*** DATASET ENTRIES ***
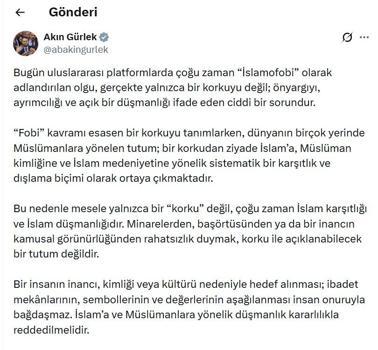 Bakan Gürlek: İslam’a ve Müslümanlara yönelik düşmanlık kararlılıkla reddedilmelidir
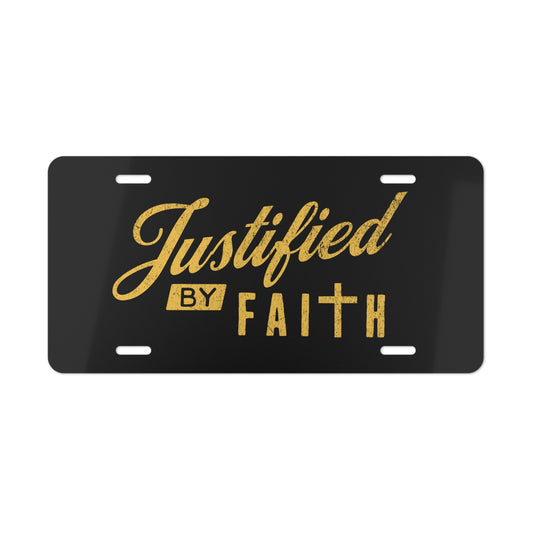 Justified By Faith Black Vanity License Plate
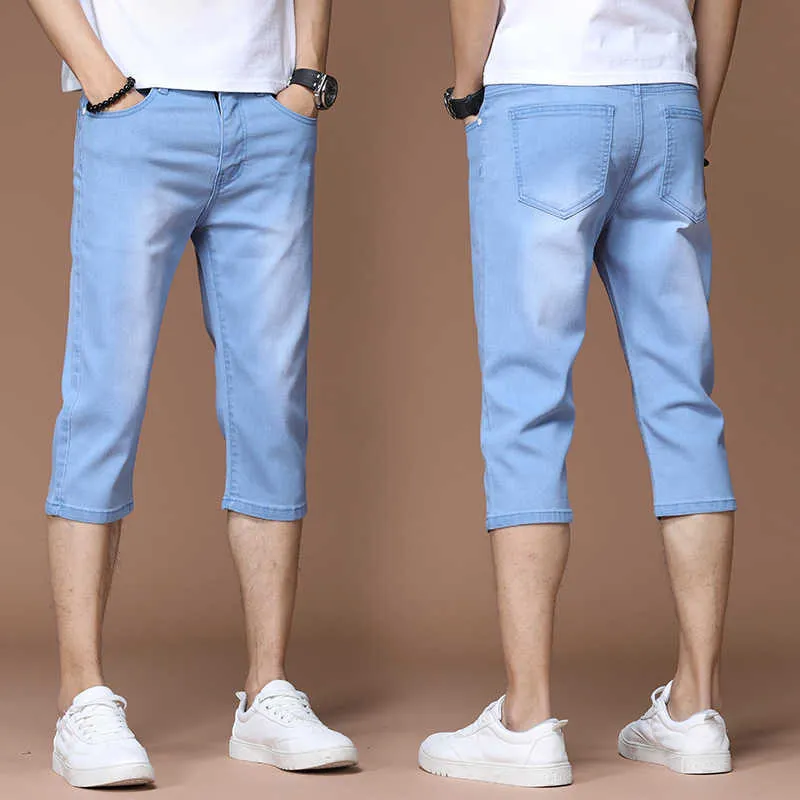 6 Färg Classic Summer Elastic Thin Casual Denim Cutting Long Sleeve Men's Blue Jeans Shorts P230602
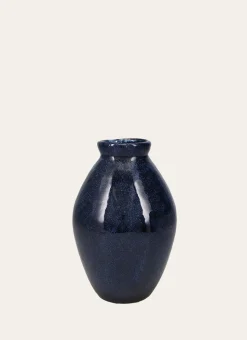 VASE EMAILLÉ FORME BOMBE BLEU
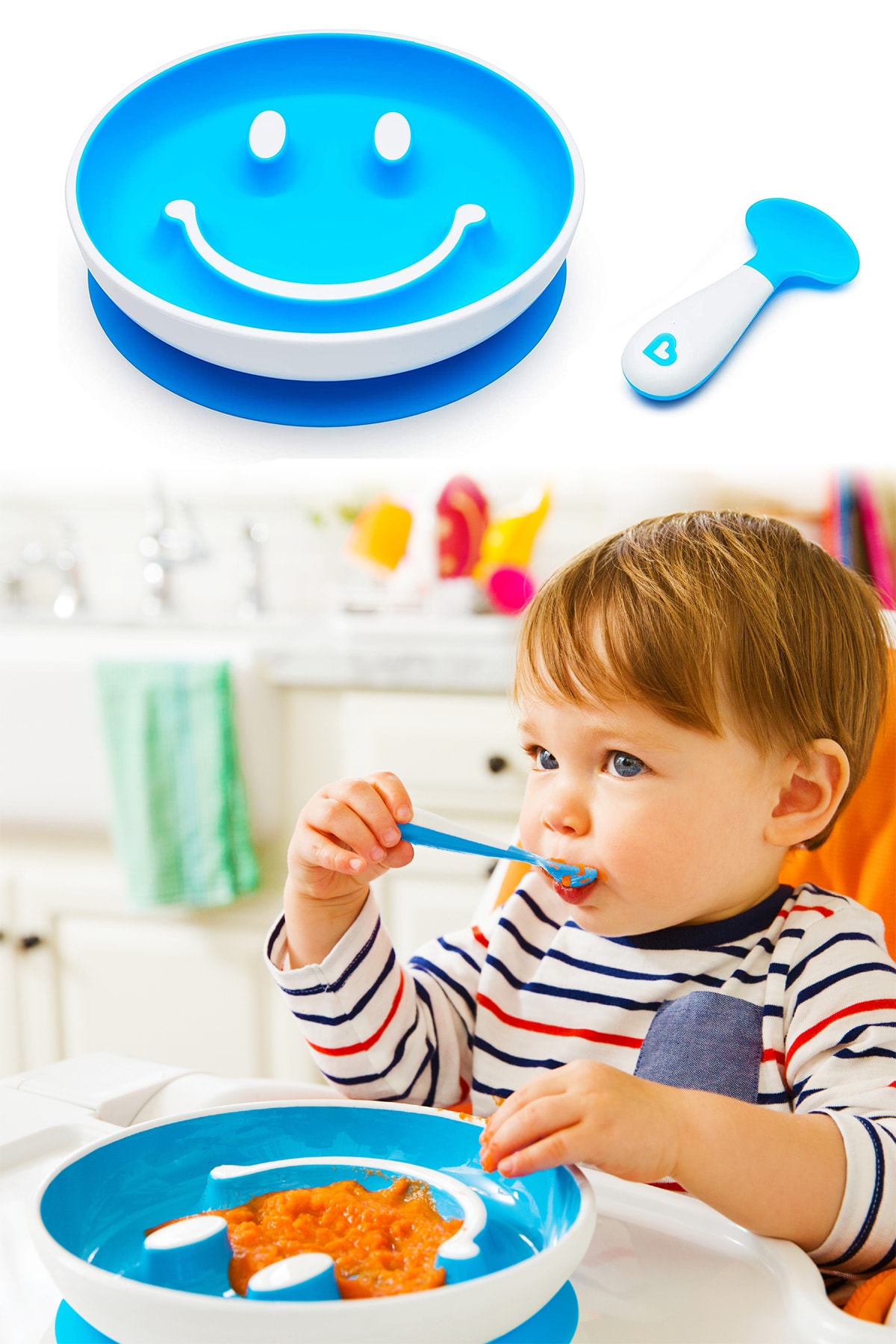 Munchkin Smile'n Scoop Gülen Yüz Alıştırma Mama Tabağı Ve Kaşık Seti Vakumlu Mavi Pa031-1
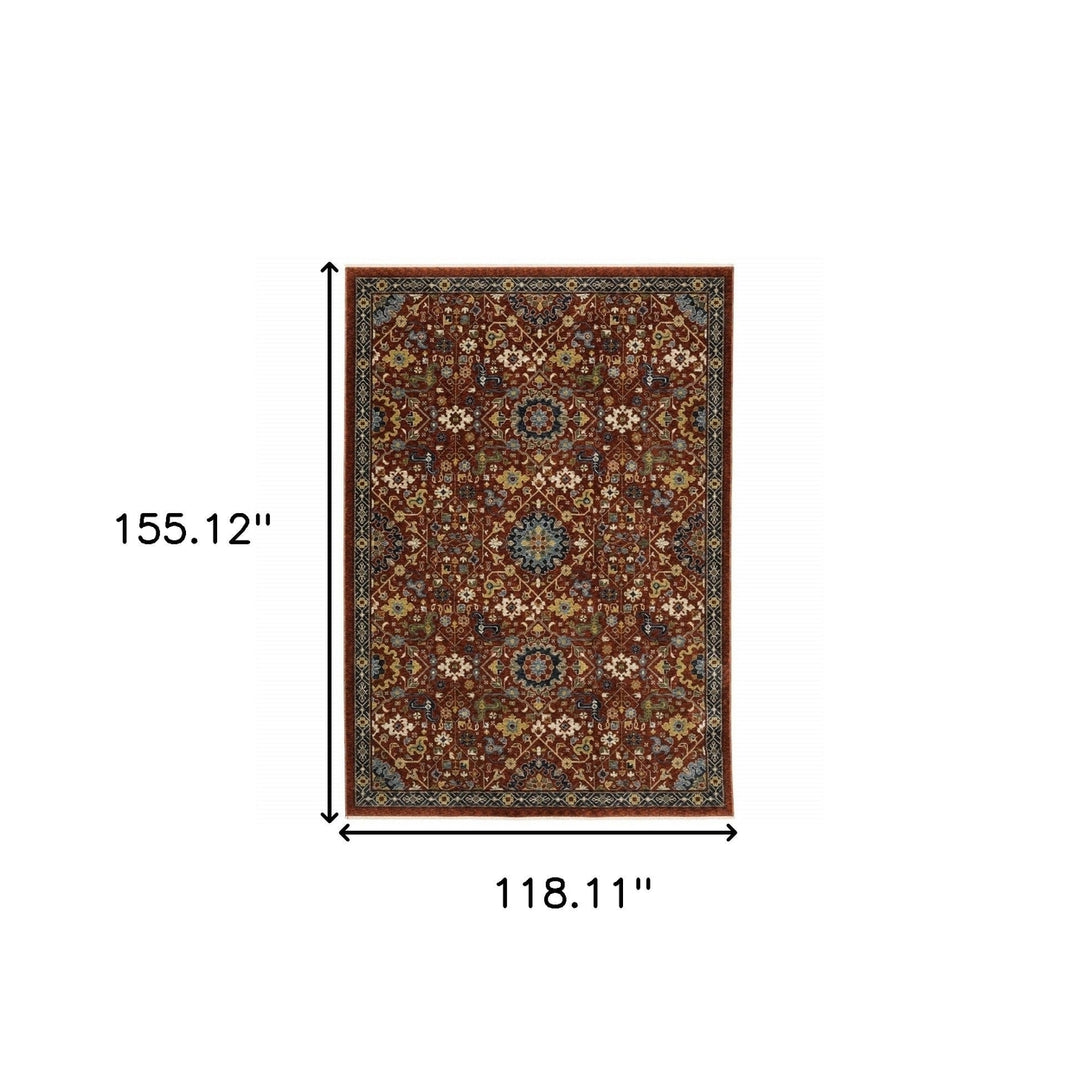 10 X 13 Red Blue Gold And Ivory Oriental Power Loom Stain Resistant Area Rug With Fringe Image 10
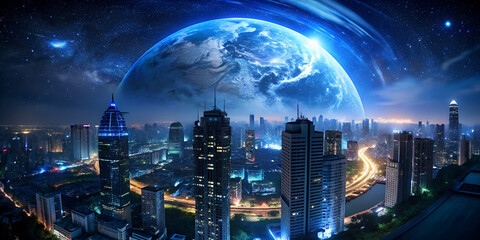 a cityscape at night with a blue planet as its centerpiece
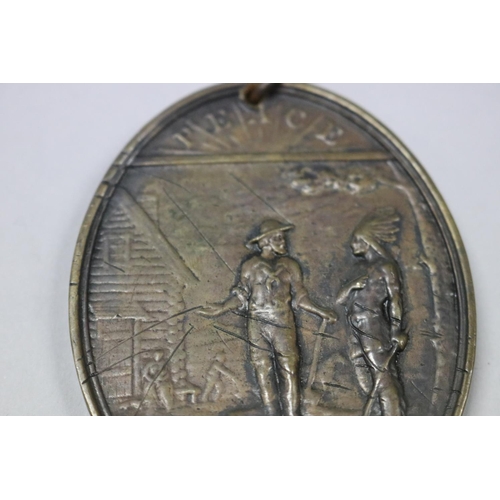 1183 - Antique (1789) George Washington Indian Peace U.S. Medal. Largest Size, 76 mm. First Reverse Restrik... 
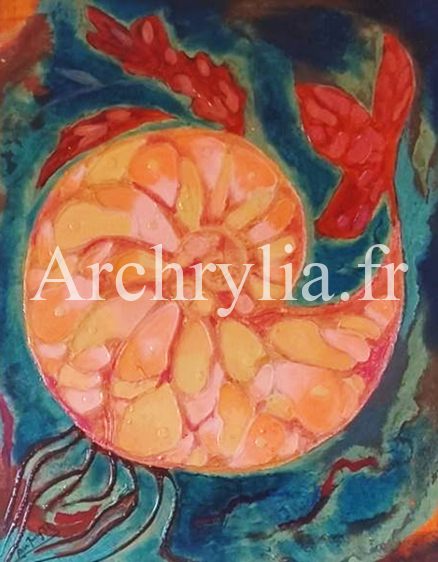 Peinture acrylique sur bois 50x60 cm illustrant un nautile coloré et stylisé, façonné au couteau.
***
• **TASK BRIEF**:
When you retype the material above, copy each line exactly and drop whatever images appear in it.

• **RESPONSE TO THIS TASK**:
 Bakan Gürlek: İslam’a ve Müslümanlara yönelik düşmanlık kararlılıkla reddedilmelidir
 Justified By Faith Black Vanity License Plate
 6 Färg Classic Summer Elastic Thin Casual Denim Cutting Long Sleeve Men's Blue Jeans Shorts P230602
 VASE EMAILLÉ FORME BOMBE BLEU
 Munchkin Smile'n Scoop Gülen Yüz Alıştırma Mama Tabağı Ve Kaşık Seti Vakumlu Mavi Pa031-1
 10 X 13 Red Blue Gold And Ivory Oriental Power Loom Stain Resistant Area Rug With Fringe Image 10
 a cityscape at night with a blue planet as its centerpiece
 1183 - Antique (1789) George Washington Indian Peace U.S. Medal. Largest Size, 76 mm. First Reverse Restrik... 
 Peinture acrylique sur bois 50x60 cm illustrant un nautile coloré et stylisé, façonné au couteau.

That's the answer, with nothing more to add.